In naturally occurring complex systems, like ecologies or markets, the situation is somewhat different.  Here, math is often used as a descriptive language, to say explicitly what it is we have observed.  Making the leap to assuming that such an empirical description really encapsulates the entire space of underlying dynamics and possibilities is risky at best, and occasionally catastrophically wrong, as Long Term Capital Management discovered in 1997… and everyone else discovered in late 2008 and early 2009.  This isn’t to say that math is a useless tool here, but rather that it’s somewhat less sacred in this domain than in the realm of James Clerk Maxwell.

History as a guide

With the above in mind, we can look at historical broad-market returns to get some idea of the games actually on offer in our grand casino.  Vanguard actually has a wonderful little interactive info-graphic with which you can explore this data available online (and from which I painstakingly cribbed the data I’ll play with below… as it’s mostly proprietary).  The time series we’ve got for the period 1926-2009 are broad US stocks (e.g. the e S&P 500 index), high credit quality US corporate bonds, and “cash”, as represented by virtually zero (credit) risk US Treasury bills.  Also included for comparison is inflation, as represented by the (admittedly imperfect) CPI-U.  Yes, these are all incredibly US-centric data to look at.  Unfortunately international data isn’t as easy to come by.  All this data is already adjusted for inflation (except of course the inflation data itself…).

So, in place of binary coin tosses, what we’ve really got is the following:

Stocks are pretty wildly variable.  The value g=0.0668 (or 6.68%) in the upper left is the geometric mean of the distribution, i.e. it’s the constant interest rate you’d have to be earning to end up with the same returns, on average, as if you were drawing from this distribution.  The “inter-quartile range” (iqr) is just the distance between the 25th and 75th percentiles of the distribution, a measure of its dispersion, which works well for non-Gaussian distributions with central tendencies.  It’s 24.6%.  So stock returns over the last century were something like 7% +/- 25%, which makes for a pretty wild ride.  Bonds by comparison were downright chill:

Notice that the x-axis is only half as wide here, so this is really a much more focused pile of returns, something like 2.5% +/- 10%.  The real returns on cash were pretty much indistinguishably from zero:

And that zero real return was of course due to inflation and it’s supposedly evil twin, deflation:

Inflation is, ironically, probably the only one of these four distributions you’d be willing to say might constitute a non-zero measurement if you found it in lab.  Maybe that’s not too surprising, since it’s actually something the government has relatively direct control over (printing presses, etc.), and at least recently, a target for (2-3% no less).

Now of course, these asynchronous distributions aren’t the whole story.  The one financial history we actually have to learn from experienced these distributions in a particular order, and the order matters.  Knowing that on average over 85 years stocks have made 6.6% is nice, but it’s only really helpful in planning for retirement if you can be pretty confident that you’ll also be able to get something resembling that rate of return over your own personal time frame… which unless Aubrey de Grey has his way, will most likely not be 80 years.

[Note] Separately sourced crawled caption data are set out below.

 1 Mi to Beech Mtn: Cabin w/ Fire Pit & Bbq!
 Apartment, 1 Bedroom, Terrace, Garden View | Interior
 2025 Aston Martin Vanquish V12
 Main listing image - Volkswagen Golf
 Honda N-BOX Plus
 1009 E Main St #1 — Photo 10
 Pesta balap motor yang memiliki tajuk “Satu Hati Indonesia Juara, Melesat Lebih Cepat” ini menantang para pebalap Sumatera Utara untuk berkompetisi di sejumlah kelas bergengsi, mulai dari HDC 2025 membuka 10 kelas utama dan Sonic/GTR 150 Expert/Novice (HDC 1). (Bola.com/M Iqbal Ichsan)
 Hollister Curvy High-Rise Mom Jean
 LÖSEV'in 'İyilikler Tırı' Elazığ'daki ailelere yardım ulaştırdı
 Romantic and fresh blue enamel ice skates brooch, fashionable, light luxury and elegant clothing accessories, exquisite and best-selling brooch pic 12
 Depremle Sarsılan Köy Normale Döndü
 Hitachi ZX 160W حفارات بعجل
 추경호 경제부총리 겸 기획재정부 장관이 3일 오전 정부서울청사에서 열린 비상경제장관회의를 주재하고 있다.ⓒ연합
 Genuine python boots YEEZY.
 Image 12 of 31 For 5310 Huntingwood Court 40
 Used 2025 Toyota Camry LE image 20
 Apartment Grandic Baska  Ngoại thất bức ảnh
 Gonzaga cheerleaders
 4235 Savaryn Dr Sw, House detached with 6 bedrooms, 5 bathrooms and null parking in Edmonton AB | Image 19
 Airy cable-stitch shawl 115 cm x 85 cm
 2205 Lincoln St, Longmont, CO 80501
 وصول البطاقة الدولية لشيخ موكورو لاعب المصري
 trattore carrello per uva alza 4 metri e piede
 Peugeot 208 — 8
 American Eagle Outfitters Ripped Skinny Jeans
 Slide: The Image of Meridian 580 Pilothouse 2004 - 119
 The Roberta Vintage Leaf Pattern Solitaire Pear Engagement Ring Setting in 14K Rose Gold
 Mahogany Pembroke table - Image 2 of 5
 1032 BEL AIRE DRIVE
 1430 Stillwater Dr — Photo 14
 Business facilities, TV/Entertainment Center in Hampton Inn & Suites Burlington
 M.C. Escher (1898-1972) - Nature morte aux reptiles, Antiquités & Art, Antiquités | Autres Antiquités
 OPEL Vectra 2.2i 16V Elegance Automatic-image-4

This plot shows the growth of a dollar, from 1926 to 2009.  Note that the y-axis is a log scale (and don’t freak out, these returns have already been adjusted for inflation, so the fact that inflation ends up above bonds doesn’t mean bonds don’t beat inflation).  Based on this particular history, the only really reliable growth seems to have come from stocks, though certainly not without some headaches and stomach acid.  Bonds and cash on the other hand seem to have had something like 40 years in the desert between WWII and 1980 (when inflation also picked up).  Just looking at this time series, it certainly seems possible that there are secular changes in market behavior over long time periods.  However, confidently attributing those changes to any particular cause is pretty difficult (this is the stuff that Finance and Economics PhDs are sometimes made of…). Was the change in 1980 the fact that the dollar de-pegged from gold?  Or was it the beginning of a new wave of globalization?  Or a change in securities regulations?  Or a change in the way the CPI is calculated?

The problem here is that we don’t get to re-run the experiment, so it’s ultimately very hard to control for all the possible variables.  We can see in retrospect that something changed, but we may never know exactly what (people still fight about what caused the Great Depression).  Realizing that something was in fact changing, at the time, would be even more difficult.  It’s often said that the four most expensive words in investing are “This time it’s different.”, which isn’t to suggest that things are never different, but rather that it’s way too easy to fall for that as an explanation, when the glitter and gold seems within reach, and you’ve got a great storyline telling you how to make a grab for them.  It’s supremely boring, but the safest (and most often correct) thing to do is just assume that things are the same as they ever were.  You will very occasionally be wrong, but oh well.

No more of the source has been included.